Friday, July 07, 2006



Doing the right thing for the wrong reason

In the wake of last year's election, there was a groundswell of public support for electoral reform to a more proprtional system. And who could blame them? The election results produced by the UK's archaic FPP system were patently unfair. Blair's Labour party gained 55% of the seats (and therefore the ability to do more or less whatever it wanted) on a mere 35% of the vote. Meanwhile, the LibDems gained only 9.6% of the seats on 22% of the vote - and the results among the smaller parties were even more random. The Greens got more votes than Northern Ireland's Democratic Unionist party (1% of the vote vs 0.9%), but got no seats compared to the DUP's 9 (itself a disproportionate 1.4% share). As in pre-electoral reform New Zealand, who ends up in government seems to depend more on opinion in a tiny number of "super-marginal" electorates, than on broader voting patterns - and the British public knows it. But rather than arguing that electoral reform would bring fairness to British elections and ensure that every vote counted equally, Parliamentary supporters of proportional representation are instead arguing that Labour 'can stay in Government by backing PR'.

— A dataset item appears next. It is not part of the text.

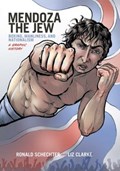 Mendoza the Jew | Ronald Schechter ; Liz Clarke |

This is a mistake. Electoral reform will only stick if it is seen as fair by a significant majority of the public. Presenting it instead as a partisan means of gaining electoral advantage completely undermines this, and instead makes it seem like just another power grab by New Labour and an effort to entrench their rule.

1 comments:

I think a Labour government with a Lib Dem coalition partner would be somewhat different to the present one.